O safe and happy shelter, O refuge tried and sweet,
A trusting place where Heaven’s love and Heaven’s justice meet!

That is it exactly! The cross is where heaven’s love and heaven’s justice
meet!

The God of battles is leading them into war in order to give them the
fulfillment of the salvation He has promised. But in order to bring salvation to
His people, judgment must fall upon wickedness and unbelief. The iniquity of the
Amorites has reached its fullness and God is now pouring out His justice. What
we have depicted here is the warrior God. God is marching to war.


1. What we have here is more than just a description of
some battles, interesting as they may be.

Let me begin
this evening by citing a passage that we looked at on Wednesday evening at the
Prayer Meeting: “For whatever was written in former days was written for
our instruction, that through endurance and through the encouragement of the
Scriptures we might have hope” (Romans 15:4 (ESV). Whatever in written in
Joshua 11 is written for our instruction.

What can we learn from this chapter that will be a help to us? I think that’s
a perfectly valid question to ask.

These Old Testament books are historical, but they are more than history.
They tell the story of redemption. Our redemption, yes, our redemption
begins in the Old Testament, with the stories of the Patriarchs and of the
nation of Israel. What God is doing here is preparing the way for the Savior to
be born, of ensuring that His people have somewhere to live and to set up homes
and establish a godly society and so on.

God is at work in these battles. You see that several times in the chapter
(see v. 9 for example–where the Lord is directing Joshua what to do; cf. vv.
12, 15, 20, 23). Very especially, this is a holy war that is being fought
on the soil of Canaan. It is of a different order to the wars fought on
the soil of this country.

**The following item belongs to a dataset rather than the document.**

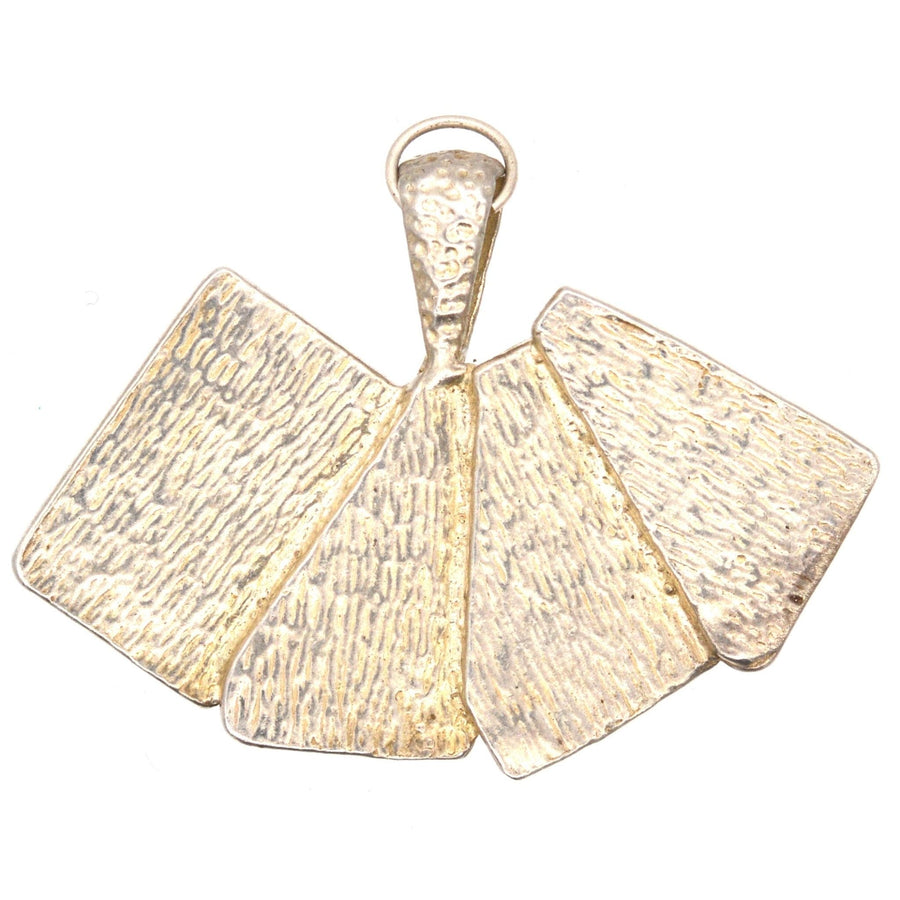 Vintage Silver Pendant with a Set of Four Aces Playing Cards | Parkin and Gerrish | Antique & Vintage Jewellery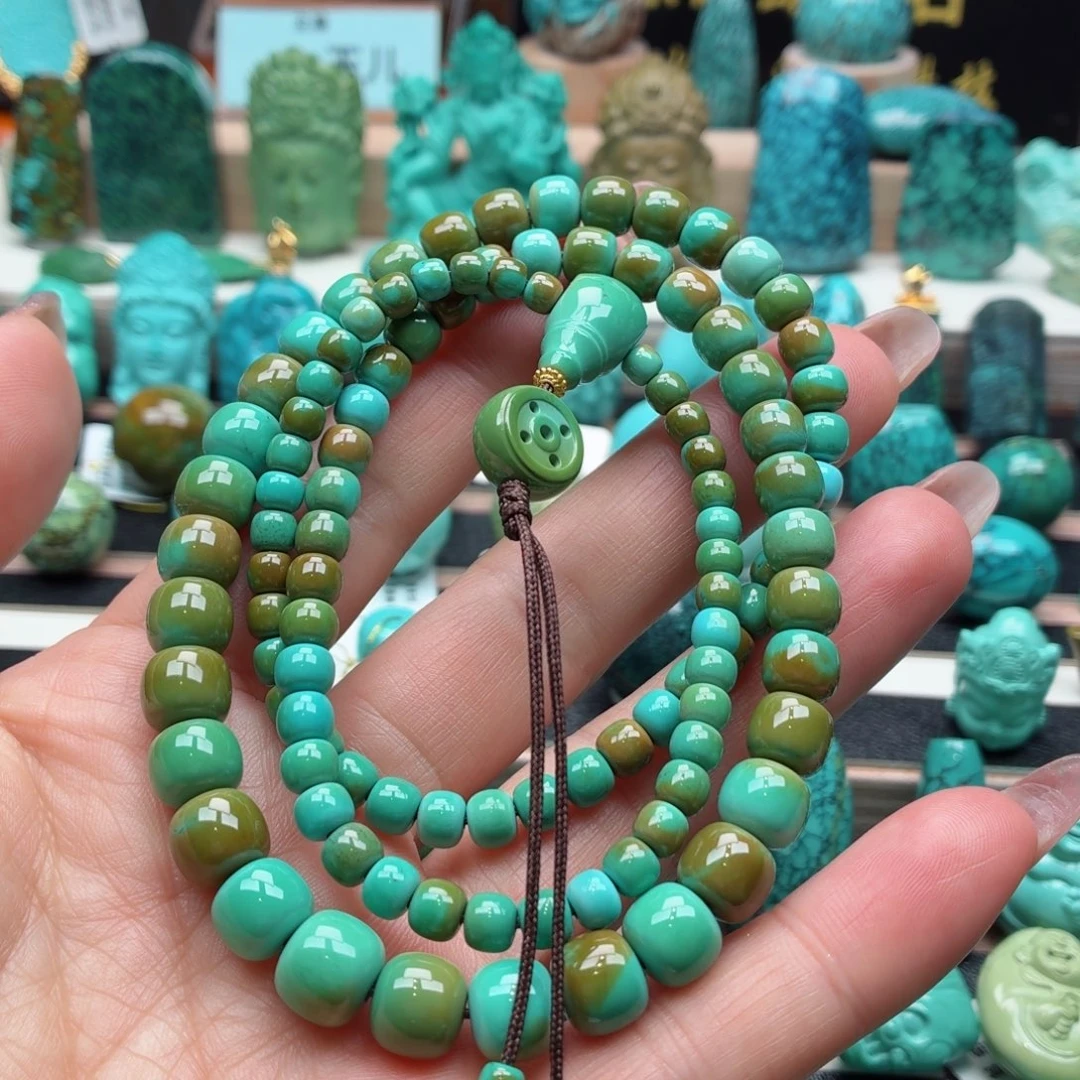 未镶嵌绿松石配饰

There are spiritual principles operating here.
The manual for this holy war was not a volume of past battles. He’s not
reading Battle Strategy for Dummies, something equivalent to a ‘how-to’
book on military campaigns. Lord Cornwallis, for example, in the Revolutionary
War, is said to have studied in detail manuals of battle formations from past
engagements

.
You might think he would have done better had he not consulted those, of course.
What is the military strategy book for Joshua? For Joshua it was the book of
Deuteronomy! And so God urged him not to study military strategy but to study
His revelation and to live in obedience to His word and to trust it.

And it is for this reason that the teaching of a book like this, that teaches
us about military battles, can teach us about issues in life in which we are
involved in spiritual battles. It may have been physical in the days of Joshua,
and they may be more spiritual in our time, but they are both holy wars.

And we see in Matthew 16:18 that the way in which Jesus builds the church is
in the context of a holy war in which the enemy is the gates of hell, and the
gates of hell seek to destroy the church that Jesus is building on the Rock. But
the Lord Jesus Christ, who is portrayed again in the book of Revelation as the
divine warrior, coming to deal with all His spiritual foes, has promised that as
His people live in obedience to His word, trust in His promises, then every
enemy will be defeated and the church of Jesus Christ will stand even in the
evil day (Eph 6).

And that’s what we have in these battles. We need to be able to see the
spiritual principles, that the way of victory is the strategy that God employs.
You and I are caught in a battle tonight. It’s not out there, it’s here in
the church. The devil doesn’t have a little sign outside that says, “You
can’t come in here.” He marches in, and he’s here before you get here.
Sitting in the pew. And we need to know, and be absolutely convinced, that he’s
a defeated foe.

In Bunyan’s Pilgrim’s Progress, as Christian is approaching Palace
Beautiful
where he hopes to get lodging, he is walking down a very narrow
passage to the porter’s lodge, and there he meets two lions in the way. And
Bunyan adds, “The lions were chained; but he saw not the chains.”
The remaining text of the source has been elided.